**The data**
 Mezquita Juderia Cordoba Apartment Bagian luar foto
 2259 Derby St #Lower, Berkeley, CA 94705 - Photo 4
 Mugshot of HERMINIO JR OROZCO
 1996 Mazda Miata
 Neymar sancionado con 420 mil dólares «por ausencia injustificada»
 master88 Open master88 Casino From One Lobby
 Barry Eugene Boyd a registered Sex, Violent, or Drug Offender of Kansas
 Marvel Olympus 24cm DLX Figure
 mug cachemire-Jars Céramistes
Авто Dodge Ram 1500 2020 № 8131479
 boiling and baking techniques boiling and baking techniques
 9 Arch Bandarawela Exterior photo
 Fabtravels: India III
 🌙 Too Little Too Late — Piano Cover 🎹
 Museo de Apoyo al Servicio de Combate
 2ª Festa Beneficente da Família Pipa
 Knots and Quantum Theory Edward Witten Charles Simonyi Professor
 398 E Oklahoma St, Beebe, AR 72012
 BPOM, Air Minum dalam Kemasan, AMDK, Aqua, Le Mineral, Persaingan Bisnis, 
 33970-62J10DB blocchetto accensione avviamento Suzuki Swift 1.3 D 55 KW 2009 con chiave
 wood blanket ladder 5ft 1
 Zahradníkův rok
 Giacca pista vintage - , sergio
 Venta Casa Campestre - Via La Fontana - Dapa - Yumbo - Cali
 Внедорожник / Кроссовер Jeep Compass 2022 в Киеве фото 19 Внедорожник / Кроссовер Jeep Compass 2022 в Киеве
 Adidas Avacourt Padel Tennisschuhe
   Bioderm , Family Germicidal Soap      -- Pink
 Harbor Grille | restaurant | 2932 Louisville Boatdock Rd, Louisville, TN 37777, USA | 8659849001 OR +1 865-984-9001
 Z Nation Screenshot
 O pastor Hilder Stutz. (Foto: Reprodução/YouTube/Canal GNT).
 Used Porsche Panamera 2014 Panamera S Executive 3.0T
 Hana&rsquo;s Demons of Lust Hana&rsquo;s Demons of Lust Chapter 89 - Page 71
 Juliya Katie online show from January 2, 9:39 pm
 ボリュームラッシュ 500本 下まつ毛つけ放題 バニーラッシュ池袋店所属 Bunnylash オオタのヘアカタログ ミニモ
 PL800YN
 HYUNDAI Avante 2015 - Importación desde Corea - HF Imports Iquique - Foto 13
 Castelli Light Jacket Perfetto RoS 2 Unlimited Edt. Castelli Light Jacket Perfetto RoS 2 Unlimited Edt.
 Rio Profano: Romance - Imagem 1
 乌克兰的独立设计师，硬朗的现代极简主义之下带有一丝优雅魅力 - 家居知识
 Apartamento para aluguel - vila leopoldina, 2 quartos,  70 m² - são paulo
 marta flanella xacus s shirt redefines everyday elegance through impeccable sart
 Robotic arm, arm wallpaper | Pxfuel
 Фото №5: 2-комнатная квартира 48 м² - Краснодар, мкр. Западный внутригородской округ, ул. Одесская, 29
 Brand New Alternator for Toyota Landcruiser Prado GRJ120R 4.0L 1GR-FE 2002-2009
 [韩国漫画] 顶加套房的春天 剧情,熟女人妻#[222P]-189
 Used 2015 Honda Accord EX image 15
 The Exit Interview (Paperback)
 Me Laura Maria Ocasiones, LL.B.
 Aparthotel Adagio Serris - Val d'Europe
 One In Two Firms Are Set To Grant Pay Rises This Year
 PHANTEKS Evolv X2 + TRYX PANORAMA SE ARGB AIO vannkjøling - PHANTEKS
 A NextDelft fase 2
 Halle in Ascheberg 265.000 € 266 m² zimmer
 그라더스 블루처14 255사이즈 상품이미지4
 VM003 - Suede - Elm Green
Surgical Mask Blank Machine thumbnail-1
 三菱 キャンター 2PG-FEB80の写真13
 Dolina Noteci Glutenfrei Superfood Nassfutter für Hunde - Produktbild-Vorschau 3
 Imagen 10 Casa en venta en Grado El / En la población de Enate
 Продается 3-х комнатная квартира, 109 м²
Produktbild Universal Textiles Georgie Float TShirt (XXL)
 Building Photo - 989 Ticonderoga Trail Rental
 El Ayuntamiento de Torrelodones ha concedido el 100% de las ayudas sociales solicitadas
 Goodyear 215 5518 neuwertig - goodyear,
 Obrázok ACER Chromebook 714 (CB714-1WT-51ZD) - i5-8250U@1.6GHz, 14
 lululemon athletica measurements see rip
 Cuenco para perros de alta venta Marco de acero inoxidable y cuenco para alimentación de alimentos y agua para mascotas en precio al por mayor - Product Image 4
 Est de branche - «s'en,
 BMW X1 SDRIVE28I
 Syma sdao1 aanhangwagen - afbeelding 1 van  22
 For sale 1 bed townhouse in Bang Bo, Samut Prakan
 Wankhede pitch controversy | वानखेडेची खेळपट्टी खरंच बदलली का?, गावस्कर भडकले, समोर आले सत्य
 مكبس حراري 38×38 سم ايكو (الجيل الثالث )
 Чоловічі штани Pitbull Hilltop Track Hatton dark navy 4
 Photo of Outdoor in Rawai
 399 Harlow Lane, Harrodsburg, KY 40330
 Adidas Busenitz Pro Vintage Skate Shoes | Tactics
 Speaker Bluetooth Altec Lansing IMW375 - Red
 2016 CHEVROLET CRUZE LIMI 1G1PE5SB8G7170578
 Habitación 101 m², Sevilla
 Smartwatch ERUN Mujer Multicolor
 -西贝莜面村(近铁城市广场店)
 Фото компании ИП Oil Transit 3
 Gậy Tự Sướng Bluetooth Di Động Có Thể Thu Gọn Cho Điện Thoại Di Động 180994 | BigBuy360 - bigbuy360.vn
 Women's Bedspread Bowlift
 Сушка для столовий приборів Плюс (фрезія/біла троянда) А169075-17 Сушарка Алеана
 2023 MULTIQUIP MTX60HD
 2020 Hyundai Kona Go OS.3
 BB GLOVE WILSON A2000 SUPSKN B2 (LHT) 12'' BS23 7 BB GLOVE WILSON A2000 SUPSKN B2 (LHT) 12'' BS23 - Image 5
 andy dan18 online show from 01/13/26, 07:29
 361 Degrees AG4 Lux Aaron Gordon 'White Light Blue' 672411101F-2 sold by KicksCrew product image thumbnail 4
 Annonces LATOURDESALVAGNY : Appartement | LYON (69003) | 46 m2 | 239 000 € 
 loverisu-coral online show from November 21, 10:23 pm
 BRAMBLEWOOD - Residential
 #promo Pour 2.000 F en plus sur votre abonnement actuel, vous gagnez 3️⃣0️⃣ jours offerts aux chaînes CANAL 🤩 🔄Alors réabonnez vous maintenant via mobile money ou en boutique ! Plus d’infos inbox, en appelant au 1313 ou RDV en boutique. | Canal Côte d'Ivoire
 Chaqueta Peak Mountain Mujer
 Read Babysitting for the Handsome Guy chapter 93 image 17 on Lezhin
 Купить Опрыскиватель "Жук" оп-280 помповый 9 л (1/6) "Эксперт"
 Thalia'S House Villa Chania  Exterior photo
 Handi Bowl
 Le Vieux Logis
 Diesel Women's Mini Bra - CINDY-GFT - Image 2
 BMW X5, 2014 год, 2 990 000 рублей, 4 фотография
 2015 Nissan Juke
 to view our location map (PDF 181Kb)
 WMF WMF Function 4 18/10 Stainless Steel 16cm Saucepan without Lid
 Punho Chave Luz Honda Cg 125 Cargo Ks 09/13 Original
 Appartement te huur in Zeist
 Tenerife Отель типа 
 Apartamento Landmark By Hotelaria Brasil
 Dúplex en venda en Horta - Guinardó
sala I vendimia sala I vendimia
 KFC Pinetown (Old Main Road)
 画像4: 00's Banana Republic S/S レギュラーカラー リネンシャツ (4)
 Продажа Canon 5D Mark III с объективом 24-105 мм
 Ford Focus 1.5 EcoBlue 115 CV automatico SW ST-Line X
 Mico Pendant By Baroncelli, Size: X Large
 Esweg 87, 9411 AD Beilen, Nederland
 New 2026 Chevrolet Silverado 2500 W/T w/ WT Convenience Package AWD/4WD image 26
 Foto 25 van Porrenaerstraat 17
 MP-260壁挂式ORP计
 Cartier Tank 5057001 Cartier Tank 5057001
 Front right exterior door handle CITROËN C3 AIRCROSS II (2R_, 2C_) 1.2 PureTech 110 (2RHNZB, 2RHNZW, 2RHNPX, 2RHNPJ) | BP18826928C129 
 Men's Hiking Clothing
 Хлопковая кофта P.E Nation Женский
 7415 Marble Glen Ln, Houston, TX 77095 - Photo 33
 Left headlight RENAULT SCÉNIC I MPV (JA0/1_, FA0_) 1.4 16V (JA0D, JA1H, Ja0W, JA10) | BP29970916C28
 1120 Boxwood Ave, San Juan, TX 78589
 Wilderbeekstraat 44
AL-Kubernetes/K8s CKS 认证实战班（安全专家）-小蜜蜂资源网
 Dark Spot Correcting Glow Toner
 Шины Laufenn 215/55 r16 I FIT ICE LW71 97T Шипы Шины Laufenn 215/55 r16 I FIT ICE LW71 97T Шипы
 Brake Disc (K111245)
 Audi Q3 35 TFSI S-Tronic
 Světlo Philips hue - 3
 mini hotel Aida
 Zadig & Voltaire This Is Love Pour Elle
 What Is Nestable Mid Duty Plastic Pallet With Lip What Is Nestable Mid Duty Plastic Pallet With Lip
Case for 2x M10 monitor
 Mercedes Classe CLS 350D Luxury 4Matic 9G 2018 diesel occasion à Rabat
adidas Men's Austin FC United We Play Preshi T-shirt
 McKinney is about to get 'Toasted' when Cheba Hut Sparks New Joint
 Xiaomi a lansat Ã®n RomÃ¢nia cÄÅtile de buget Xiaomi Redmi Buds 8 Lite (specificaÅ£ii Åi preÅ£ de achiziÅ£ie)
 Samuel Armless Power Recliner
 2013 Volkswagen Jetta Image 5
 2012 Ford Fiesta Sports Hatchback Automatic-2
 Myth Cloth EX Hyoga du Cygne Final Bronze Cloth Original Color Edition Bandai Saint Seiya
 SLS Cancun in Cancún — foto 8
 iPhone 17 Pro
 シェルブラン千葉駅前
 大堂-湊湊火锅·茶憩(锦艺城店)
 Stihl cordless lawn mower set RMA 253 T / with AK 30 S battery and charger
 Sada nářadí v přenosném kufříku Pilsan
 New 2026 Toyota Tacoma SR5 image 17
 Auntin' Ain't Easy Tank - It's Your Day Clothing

**Exercise goal**
Only those lines of the entries above that run from the line containing "Piano Cover 🎹" to the line containing "398 E Oklahoma St, Beebe, AR 72012", both included, should be transcribed exactly.

**Response to this task**
 🌙 Too Little Too Late — Piano Cover 🎹
 Museo de Apoyo al Servicio de Combate
 2ª Festa Beneficente da Família Pipa
 Knots and Quantum Theory Edward Witten Charles Simonyi Professor
 398 E Oklahoma St, Beebe, AR 72012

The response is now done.